### What you will do
Taking the data below, please print only the lines from the line holding "足球场上的传奇人物：盘点影响力最大的现代足球球星及其辉煌时刻" to the line holding "Quiksilver EQYZT07657 Mw", inclusive, with pictures omitted.
-----
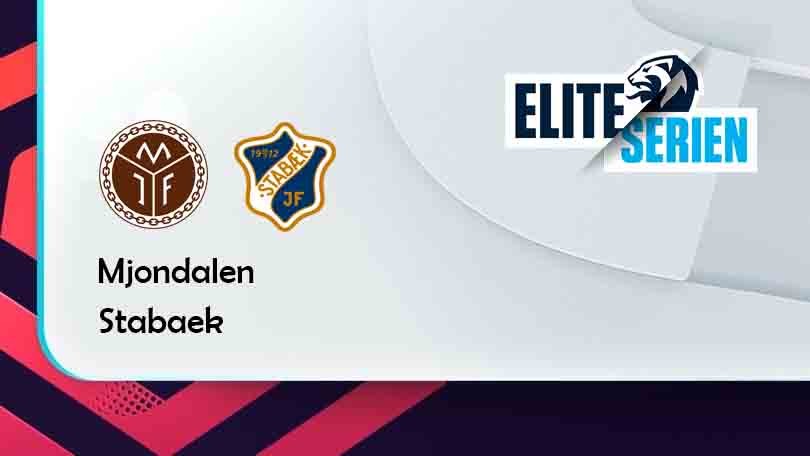 ONE88 Mjondalen vs Stabaek – Tip bóng đá miễn phí hôm nay 00h00 – 29/07/2021 – VĐQG Na Uy.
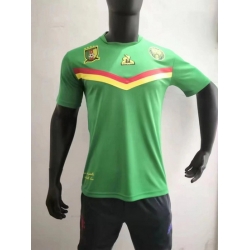 Country National Soccer Jersey 005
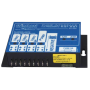 Interface de pompe Frigoboat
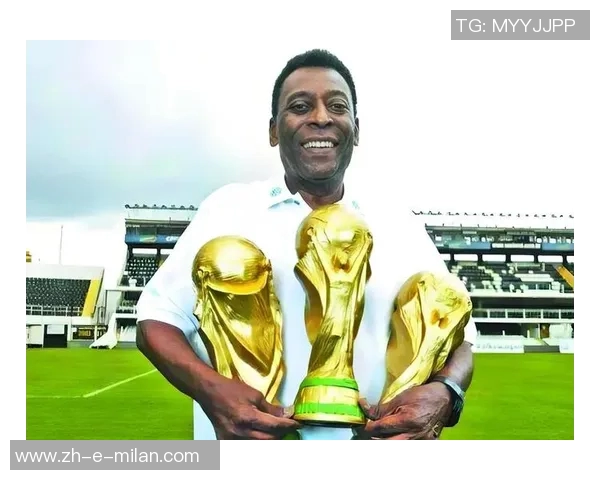 足球场上的传奇人物：盘点影响力最大的现代足球球星及其辉煌时刻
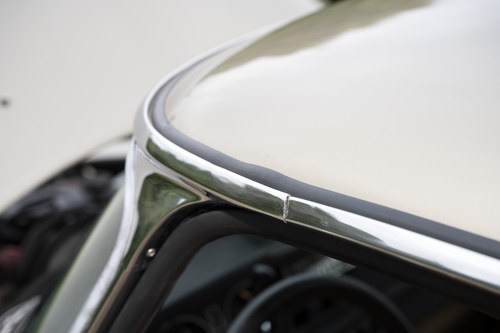 1974 Citroen DS 23 Pallas (LHD) à vendre (picture 139 of 178)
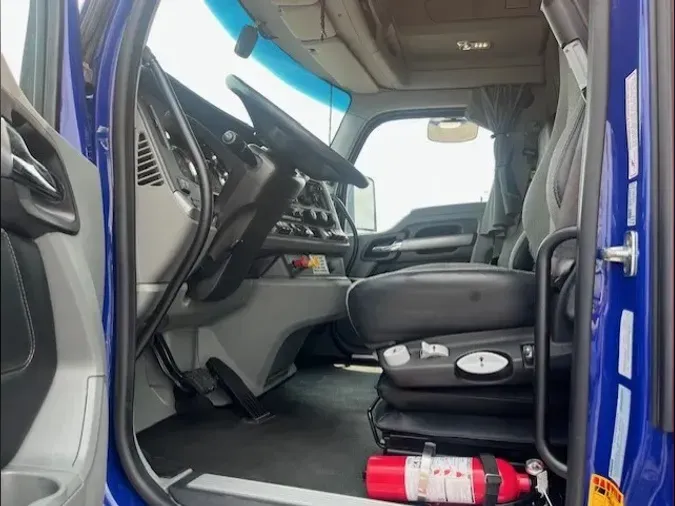 2022 Kenworth T680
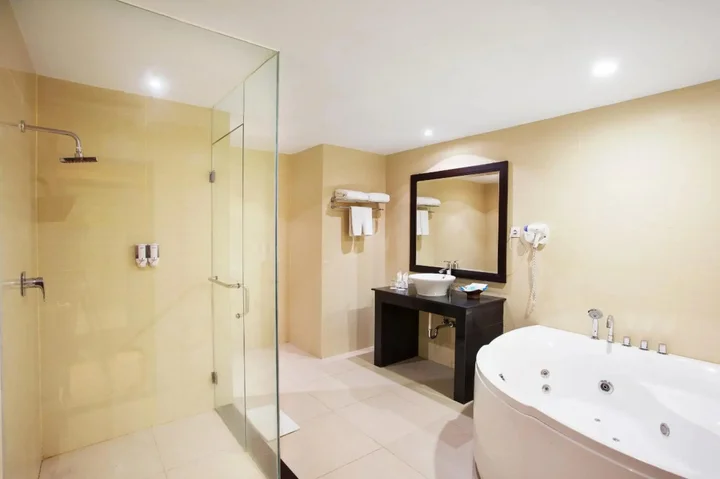 Батуретно: Tara Hotel Yogyakarta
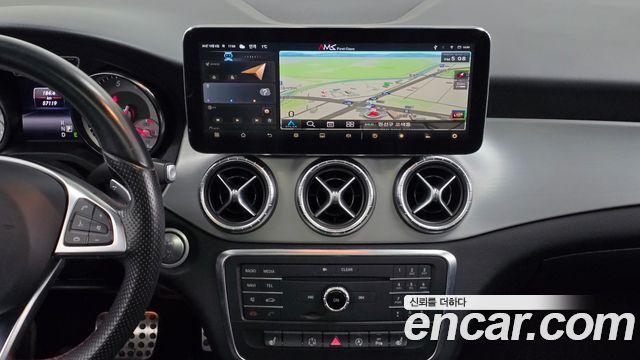 Mercedes-Benz CLA-Class (C117) CLA250 4MATIC 2015 — фото 14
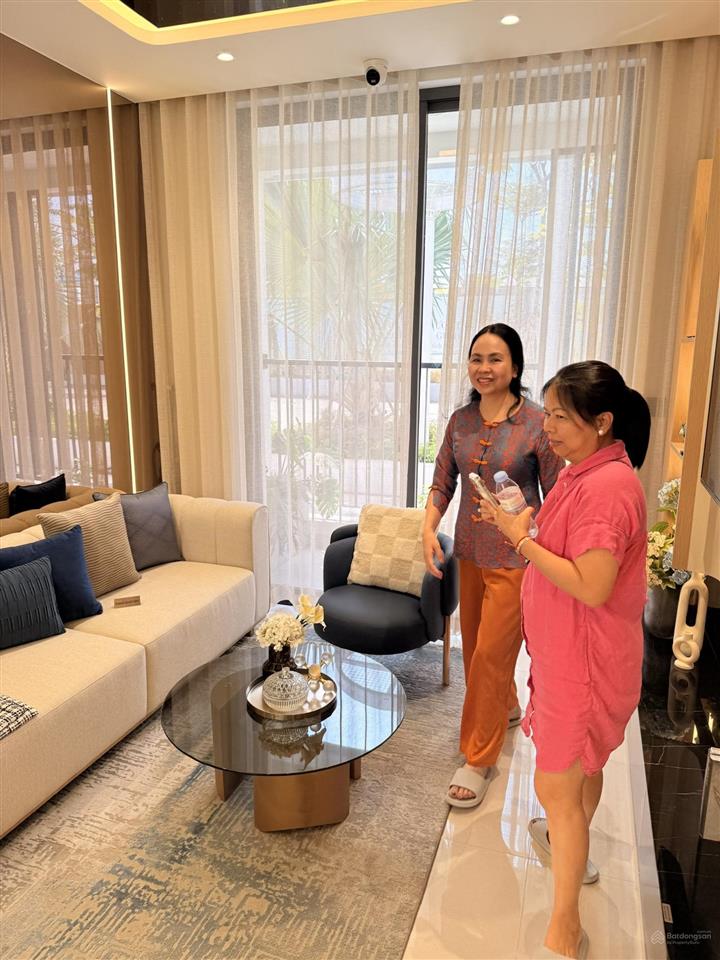 2pn căn góc tầng cao a&k tower view hồ bơi siêu thoáng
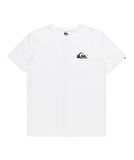 Quiksilver EQYZT07657 Mw Mini Logo Ss Erkek Tişört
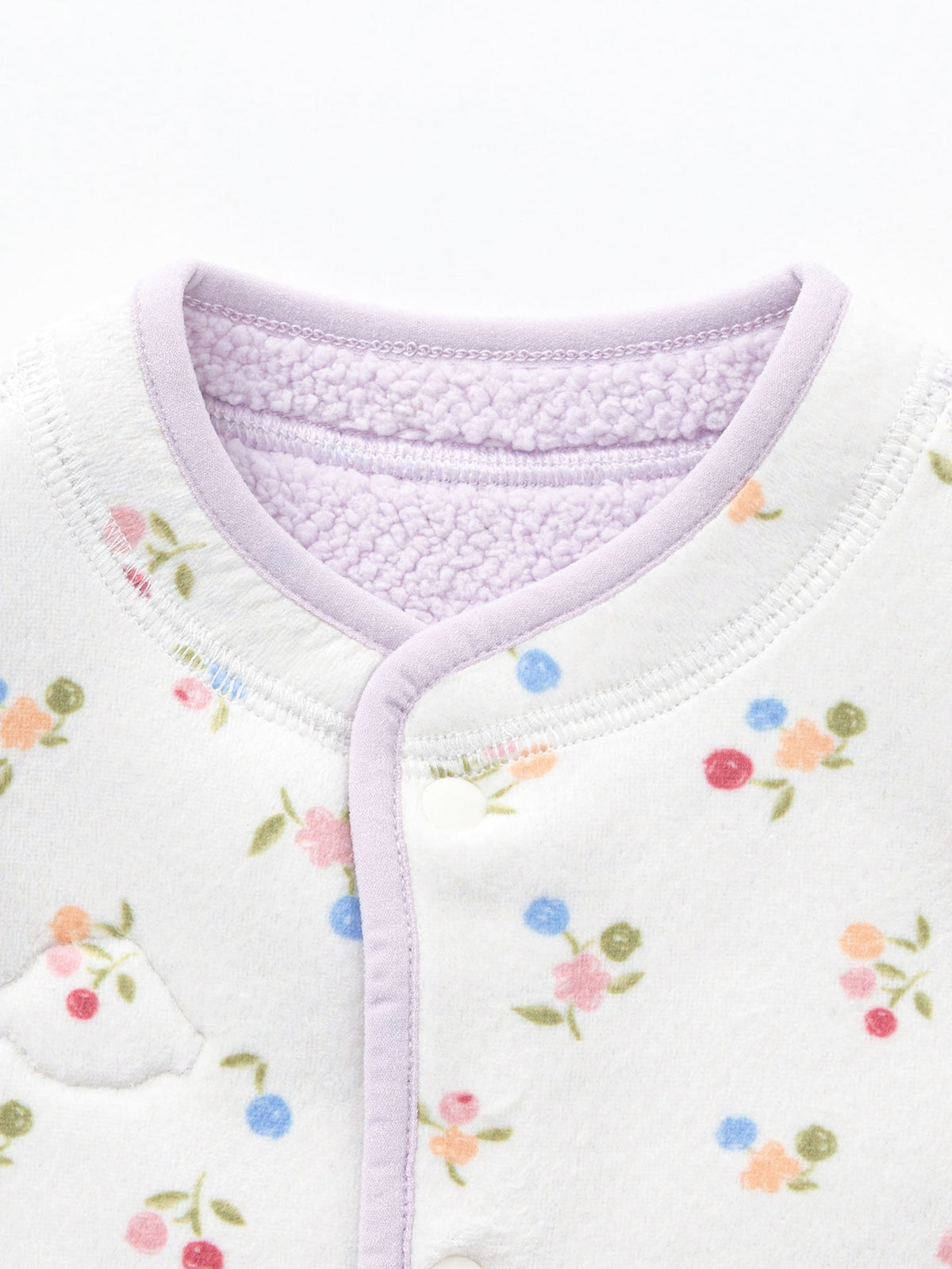Balabala Baby Unisex Knitted Vest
-----
### Answer for the task
 足球场上的传奇人物：盘点影响力最大的现代足球球星及其辉煌时刻
 1974 Citroen DS 23 Pallas (LHD) à vendre (picture 139 of 178)
 2022 Kenworth T680
 Батуретно: Tara Hotel Yogyakarta
 Mercedes-Benz CLA-Class (C117) CLA250 4MATIC 2015 — фото 14
 2pn căn góc tầng cao a&k tower view hồ bơi siêu thoáng
 Quiksilver EQYZT07657 Mw Mini Logo Ss Erkek Tişört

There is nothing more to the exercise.